Alright, come clean. Who’s hidden the National party?
Actually, it will re-launch in the next few days with what Jenny Shipley calls a “strategic” reshuffle — neither major nor a fine-tune.
If Wyatt Creech is to leave Parliament in 2002, the deputy leadership needs sorting now. And there are some younger and newer MPs to be given more responsibility and latitude — as befits the 1999 crop’s quality as the best for a decade.
Is “strategic” enough? Or does National actually need a major remake?
To regain office in 2002 it needs a combination of some or all of:
a serious economic setback that looks like the government’s fault — there was a whiff of that last year and now the United States economy is at last slowing;
gross misjudgment or serious disunity in the government — some of last year’s “credit card” legislation, the “closing the gaps” gaffes and the Dover Samuels affair gave National a premature, deceptive morale boost;
promotion of policies and personnel that voters can recognise as a break with, or a moving on from, the now dated 1990s line;
a recovery of the party organisation which, in the opinion of an acute insider of long experience, is at its weakest since 1945, short of high-quality senior executives and down yet again in total membership, to a tenth of its zenith a quarter of a century ago;
a coalition partner capable of winning seats, an indispensable item in MMP — both Act and New Zealand First are at risk in 2002 and nothing else is yet on the radar.
National has limited scope to influence the first and last.
The second depends on the government generating opportunities. There are vulnerable points in Helen Clark’s management style and in a programme which features a lot of social and civil policy reform, some of it ahead of mainstream opinion.
But to exploit those weak points National has to learn to pass up fights on problems which originated in its term of office and thus leave the government pretty much unscathed.
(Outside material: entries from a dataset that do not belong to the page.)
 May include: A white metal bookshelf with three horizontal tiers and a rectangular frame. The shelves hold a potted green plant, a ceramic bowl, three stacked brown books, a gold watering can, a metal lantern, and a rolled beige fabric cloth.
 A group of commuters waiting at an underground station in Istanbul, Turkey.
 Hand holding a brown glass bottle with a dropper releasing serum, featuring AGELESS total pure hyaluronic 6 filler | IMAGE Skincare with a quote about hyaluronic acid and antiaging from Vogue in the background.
Time and again last year Ms Clark squashed inadequately prepared attacks with contemptuous ease.
Instead, National must undermine Labour on things of its own doing. The most effective so far at this has been Mr Creech in health, which is a timebomb of overcommitment on salaries and underfunding. Auckland, for example, has not signed its contract with the Ministry of Health because it can’t guarantee budgetary ends will meet.
More important is the third, to recast the policy line as a modernised expression of National core values. In this, National is hamstrung by the loss of its ablest thinker, Simon Upton, who in several speeches to party conferences in recent years made useful stabs at redefining National values.
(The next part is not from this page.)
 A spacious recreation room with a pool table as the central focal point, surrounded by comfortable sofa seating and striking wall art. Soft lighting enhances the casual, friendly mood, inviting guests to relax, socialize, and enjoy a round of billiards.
National is hamstrung, too, in the parallel need to refresh its lineup, because its senior figures, even its “brat-pack” younger set that includes Mr English, are strongly identified with the 1990s policies to which the electorate requested a correction in 1999 — so a few ritual executions will not remake the image and may spark destructive factionalism.
Moreover, while to many the government in 2000 seemed even more old-fashioned than National, Ms Clark is now groping towards a potentially powerful “knowledge society” initiative that could be made to look and feel modern, with the political bonus of not being “left” or “right”.
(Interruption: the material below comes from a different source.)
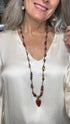 Woman wearing a beaded necklace with a close-up of the necklace on a white background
Which brings us to Michelle Boag’s presidential challenge to John Slater. It will be divisive and distracting. The media will likely present it as a surrogate leadership contest.
The membership slump is, at one level, just part of a worldwide turnoff from parties. But old habits die hard. Some fear the mass-membership party, a core element in National’s self-belief, is in jeopardy. Deep in the National psyche is a belief that the party hierarchy should be able to reverse the slide.
Ms Boag has been attracting a new and younger cohort of supporters through her website — people who, if National can wind them in, might energise and freshen the party.
But the ever-bouncy and busy Mr Slater, who can recite a raft of initiatives in 2000 under his aegis, has many debts to call in. And Ms Boag, to win, must convert much of the established conference delegateship. A tantalising conundrum.